Having Lunch With The Family
My childhood summers were filled with activities: summer camp, extended visits with my cousins and long, lazy weeks spent with my grandparents. While I had to share my paternal grandparents with several cousins, my most memorable visits where the ones my sister and I got to spent "alone" with our grandparents. I loved reading books on the front porch and wandering around the upstairs (being careful to avoid the broken spindle in the railing) but especially looking at the photographs on my grandmother's dressing table. In the past I've written about the sadness surrounding my grandma and grandpa Bergeron with the death of their oldest son, my uncle Earle Bergeron.
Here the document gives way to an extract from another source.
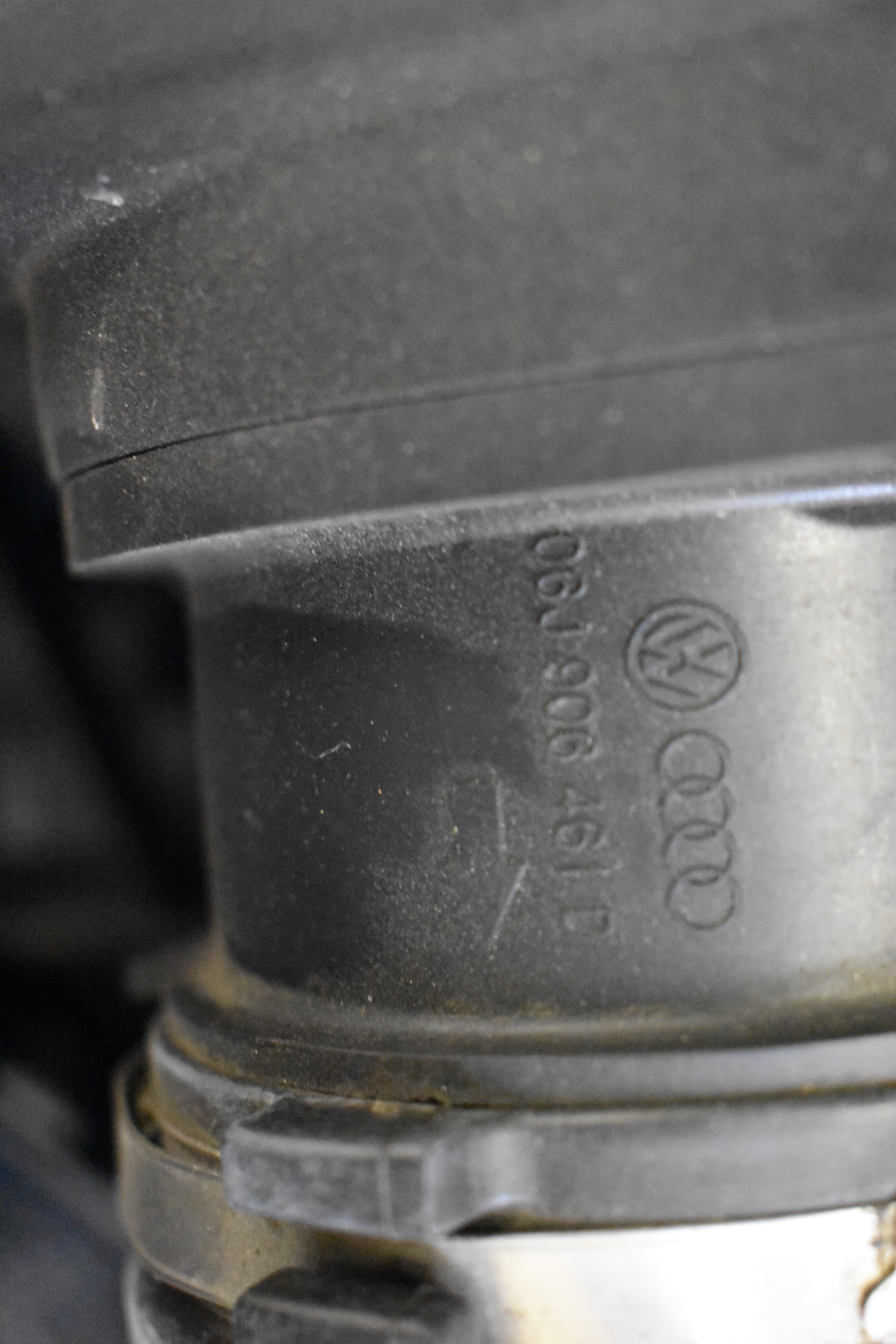 Audi A4 B8 Luftfilterkasten Luftfiltergehäuse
Sometimes - not often - I accompanied my Grandpa Charlie on his weekly trip to the cemetery in Aniwa, where Earle is buried - those visits were always quiet (the grandchildren were all frightened of Grandpa Charlie except for my sister Lisa.). Had I known that as an adult I would become obsessed with his family history, I would have filled those trips with nonstop questions.
Visits to my maternal grandparents also included visits to cemeteries but those trips were much different. I recall Gram taking me "down the road" to visit the grave of Grandpa Harley's mother, Nancy Stone Space. At that time the grave was unmarked only with a rose bush but even at that, the reverence of it being a member of my family drew me like a magnet. While I walked (ran!) among the headstones, Gram would tell me stories of the people who were buried there.
But my favorite place to go with my Grandma Almas was to visit "the little girl."
When Gram had time and a trip to visit little Virginia was promised, I would go off to pick a bouquet of flowers - a bunch of fragrant purple lilacs, peonies from Gram's row of pink, white and red peony bushes or Tiger Lilies that grew around the old water pump - and we'd drive up to Forest View cemetery to visit the grave of Virginia. But that is another story.
Just like the sadness that surrounded my Grandmother Bergeron's room over the loss of Earle, that same sadness encloses me whenever I visit the Aniwa cemetery. I'm reminded of how young Earle was when he left home and the almost unconsolable loss that his death created in the family. I had never given any thought to the fact that there once was a time when Earle's grave was unmarked until a hint on Ancestry.com in the U.S. Headstone Application for Military Veterans 1925-1963 collection led me to the application my grandparents made to the government for a headstone.
The date of the application, June 28, 1948, is over five years from the date of Earle's death and according to records, three years from the time Earle's body had been returned to Wisconsin for burial.
I am struck by the beauty of my grandmother's penmanship and picture her holding the pen in her hand - the long fingers with her buffed fingernails - and wonder at the emotional cost of signing her name for the headstone application.